Consul General Dr. Basil Bryan, confirmed that the Consulate was besieged with calls "out of concern and anxiety."
"There is anxiety and relief that the violence is concentrated in sections of West Kingston," he said "We need an immediate solution so that our country can develop and continue on its economic path."
Jamaican-born New York City Council member Una Clarke, whose last term as member expires this year, is "deeply disturbed" and attributed the violence to "political provocation". She said that all the politicians are doing is turning people against themselves, which will result in civil disorder, which will affect the growth of community and nation.
She called on all sides, especially political leaders, to immediately call for calm and order. "All this does is to give criminals an opportunity to exploit the nation," she said. "Any patriotic Jamaicans at home or abroad must call for political debate and this must happen without guns."
FROM WASHINGTON:
UTTERLY SHOCKED is how Dr. Ransford Palmer, chairman of Howard University's Economics Department and Chairman of the National Coalition on Caribbean Affairs (NCOCA) responded to the news of violence in parts of western Kingston.
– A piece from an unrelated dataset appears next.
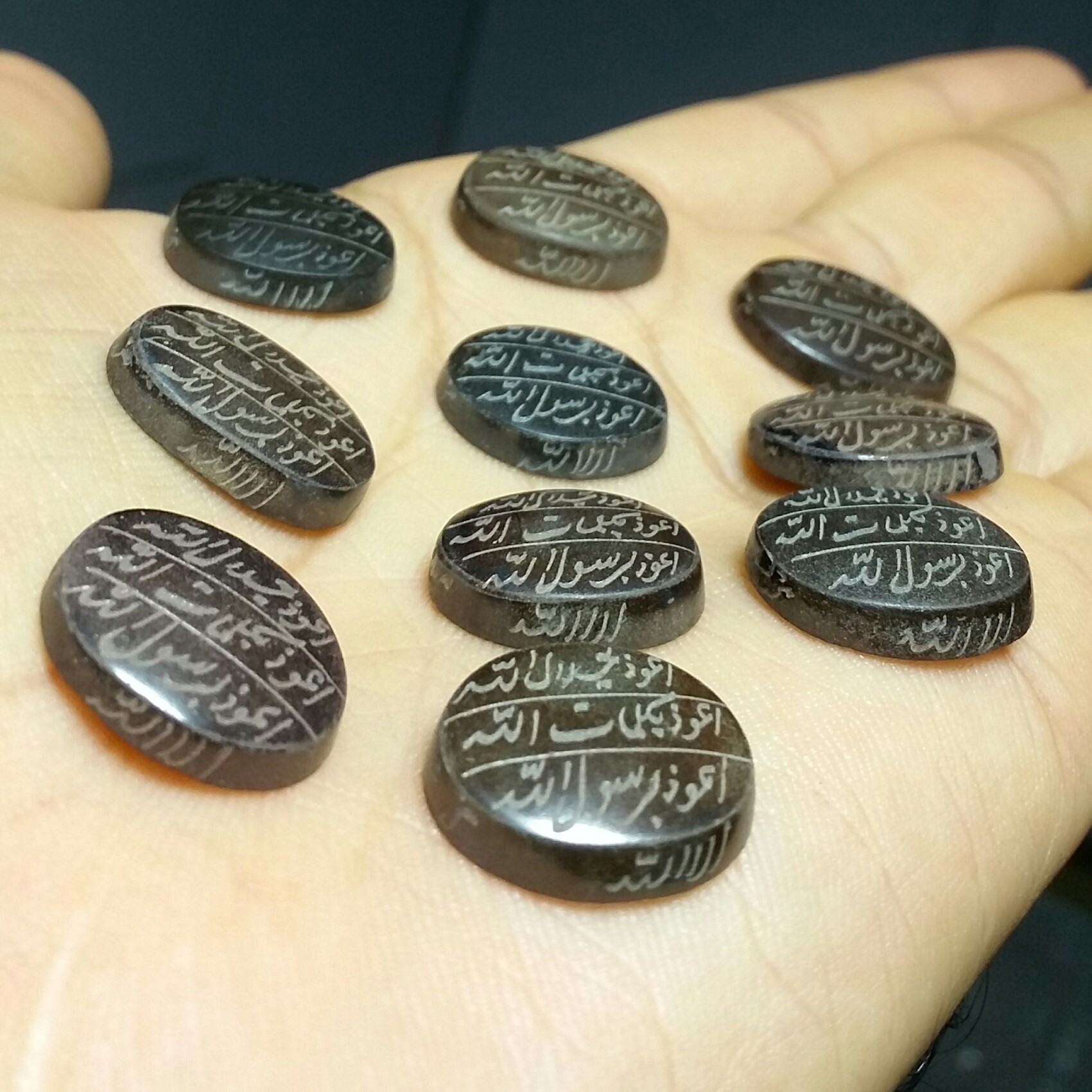 نگین حدید سماقی هفت جلاله صد در صد طبیعی بسیار خوش رنگ دست نوشته سایز کوچک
"I thought somehow the government had gotten this under control. They had set up this Rapid Response Unit. I got the impression that somehow, the situation was getting under control so I'm surprised to hear all this. Certainly, the tourist industry is not going to be helped by this."
Mr. Palmer is working on a major [and perhaps unprecedented] research on the impact of the crime situation on the decision of retiring Jamaicans not to return to live in the island. "It would seem to me these developments would not encourage return of those who reach the age of retirement to return [to Jamaica]," he said.
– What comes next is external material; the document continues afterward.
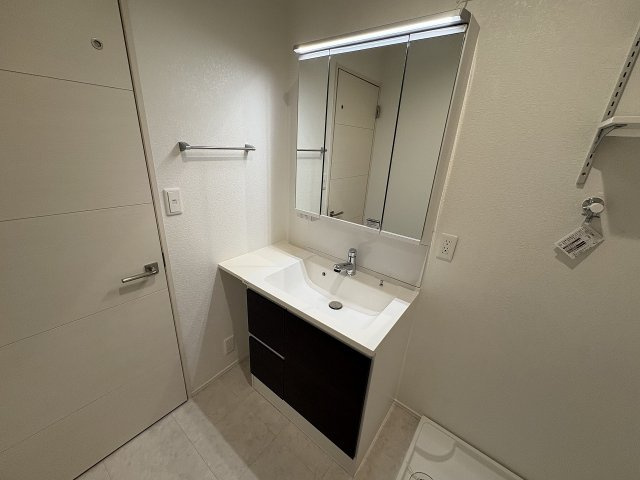 北野4丁目戸建賃貸住宅の洗面所|ゆったりとスペースのある洗面所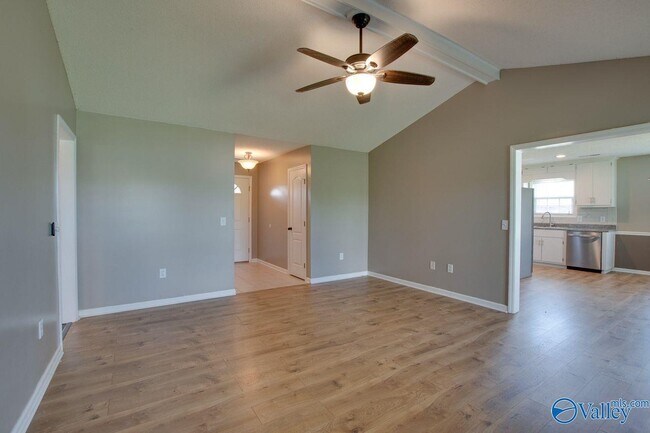 Building Photo - 115 Raptor Ct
Barbara Reuben-Powell, an executive member of the Washington chapter of the University of the West Indies Guild of Graduates, finds it "distressing, to say the least," as she mulls a response. "One of my concerns is whether any of the law enforcement agencies is even capable of containing the crime because they are not trusted by anybody.
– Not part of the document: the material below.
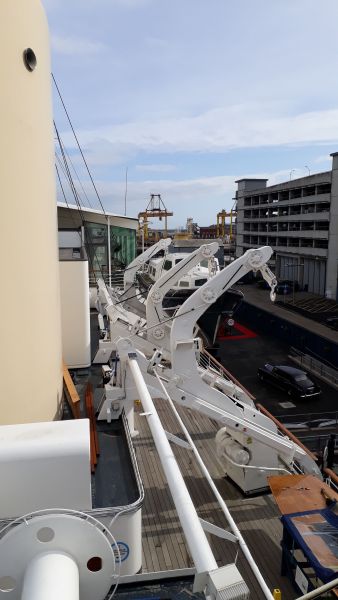 2019-04-28-1023_Besøg-på-Kongeskibey-Britania_-_2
"The army is not a municipal peace-keeping force, they're for national defence. When you stand to use the army in domestic defence, you wonder what is the role of the police."
FROM TORONTO:
A FORMER member of the Jamaica Defence Force (JDF) has blamed the Government and the country's politicians for the shootings that have left several people dead.
"Run the country how it is supposed to be run, or step aside," said Gresford Crooks to the present government. "The politicians must not try to dictate to the police and the military how the job should be done."
Crooks, who lives in Toronto, blamed politicians for meddling in the work of the security forces, adding that such interference had fostered the proliferation of violence and criminal activities in the country, that he said was now worst than Haiti - long considered to be the poorest country in the Western Hemisphere.
Dudley Laws, Executive Director of the Black Action Defence Committee (BADC), said that "the current riot in Jamaica is highly unacceptable". He said it seemed as if there was a new group of people, perhaps reacting to economic problems; or perhaps it was a re-emergence of the political violence of the 1980s.
FROM LONDON:
REPORTS IN the British press on the outbreak of gun violence in parts of Kingston have been quite extensive both in the print and electronic media. BBC TV and the news network Sky TV have been carrying reports since Monday. Footage has shown mainly burnt-out cars, roadblocks, members of the security forces in high alert and people running for cover.
BBC's Radio programmes have also been carrying stories which they have been updating on hourly news bulletins. These include BBC Radio Five Live, BBC London Live and the commercial stations Virgin Radio and Capital Radio.
Several of the morning broadsheets and tabloids got in on the act yesterday with reports from correspondents. All the stories so far have been on inside pages and have not attracted the big headlines or front page treatment which the gas riots received in 1999.